Now on the heels of his best-selling Into the Wider World: A Back Country Miscellany, comes Just This - this time poetry instead of essays, but with the same love for the natural world that spills over into his very being.
‘‘My environmental illumination started in the 1970s when I was working in Wellington. I read more and more of what's now called ‘nature writing', and I became acutely aware of the fact that if we didn't stop what we were doing to the Earth, nature would have the last word.''
He was not sure whether his high profile meant he had any more clout than the average member of the public when it came to lending his weight to public campaigns against ‘‘damming every last remaining river in the world'' or building ‘‘one of the biggest wind farms in the world here and another monster beside it''.

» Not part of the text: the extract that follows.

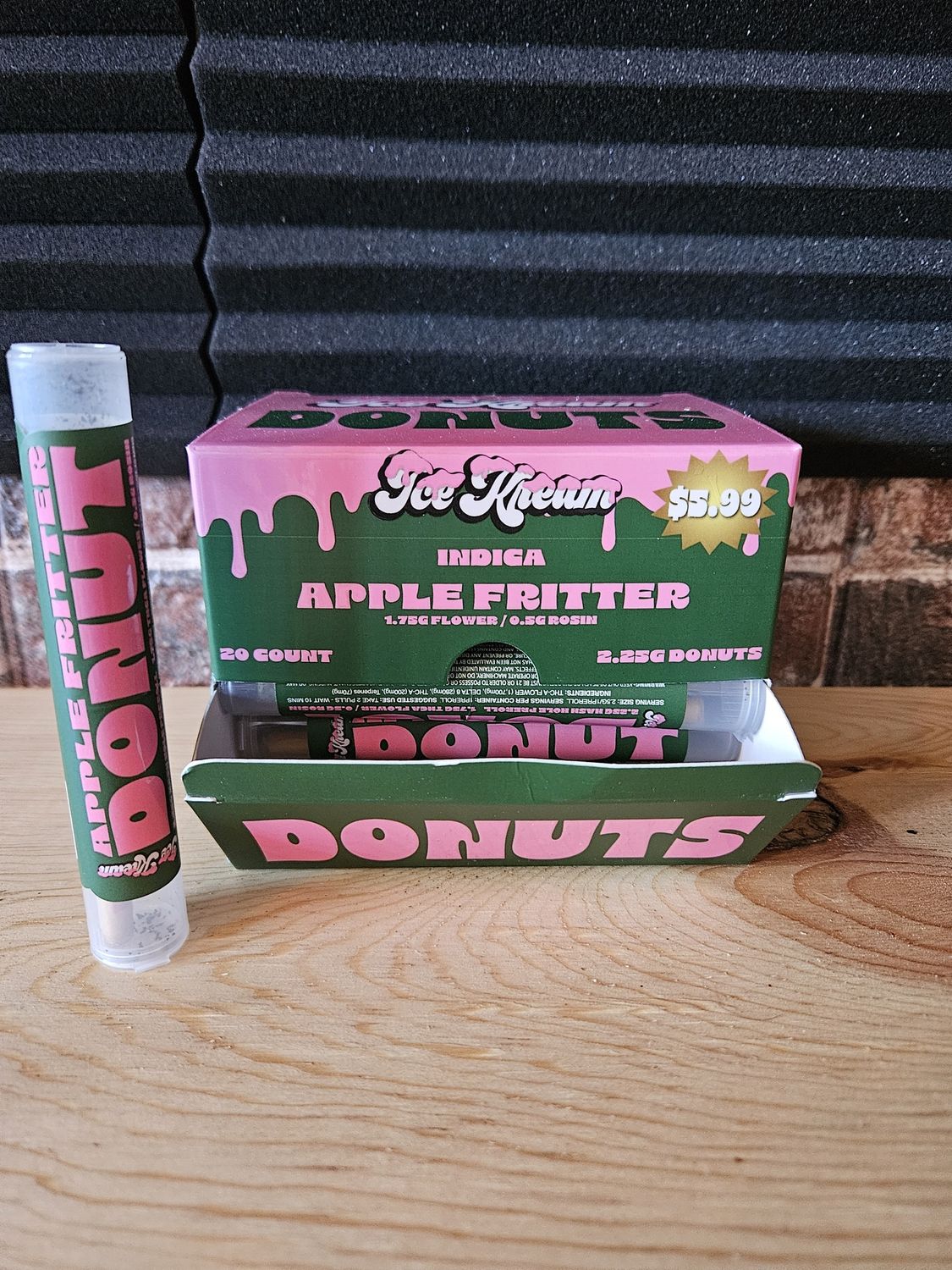 Ice Kream Powederd Donut Hole Pre-Rolls 2.5G  Apple Fritter Indica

He admitted to ‘‘running out of steam'' when it came to the work involved in opposing projects like the proposed Project Hayes wind farm on the Lammermoor Range, although he denied any bitterness towards corporates that eyed up our valleys and those who thought ‘‘it's perfectly okay to keep attacking nature''.

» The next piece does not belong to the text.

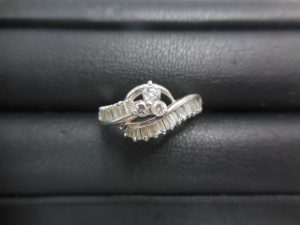 190130ダイヤの指輪の査定は、南区の大吉大橋店へ。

‘‘Bitterness only eats you up. But I do have a deep distaste for some of those on the other side.''
Is the increasing development and destruction of the modern world, processes he sees as synonymous, enough to drive him barmy?
‘‘All writers are a little bit barmy.''
And so he carries on in his ‘‘little red house'' in the Ida Valley, believing there is still ‘‘no finer way to say things'' than by way of poetry.
‘‘A great poem touches on all sorts of things in ways that can't be done in any other form of writing. You get the true voice of feeling.
"You get the most surprising startling of images and figures of speech shaping the language, and hearing it sing, the sense of rhapsody and reverence that sometimes you can impart.
"You can get a tremendous buzz out of writing it. It forces you to pay close attention to what you're saying, how you're saying it. You develop a true respect for the gift and power of language.''
Just This was filled with many poems that came from ‘‘an examination of place, what it does to us and what it means to us and to me''.
In many poems that means a focus on the Central Otago with which his work is so closely associated.
But in many others it means love, longing, family and friends against a different backdrop; poems coming from his childhood in Dunedin, feelings about freedom, relationships, decrees issued by way of going fishing.
Turner rejected any notion that writers came from or occupied ‘‘some kind of rarefied place and aren't real people''.
He has deep respect for others who are good at what they do, cherishes his friendships, likes ‘‘unpretentious, practical, warm-hearted people. I don't like preciousness and pretentiousness''.
So an old-fashioned, steadfast, straight-talking upbringing continues to serve him well.
There's a ‘‘sense of gratitude'' for values firmly instilled, and he is touched by those who now follow his work.
‘‘It's heartening to think that people will come along and listen to my poetry. I'm duty bound to do the best I can.''
• Turner will be at the Wanaka Library on Friday, July 24, from 5pm-7pm as one of several poets reading from their work to commemorate Montana Poetry Day.
• A joint exhibition of excerpts from Turner's work and that of Wanaka photographer Gilbert van Reenen will run at Central Stories, in Alexandra, from August 7 to September 24.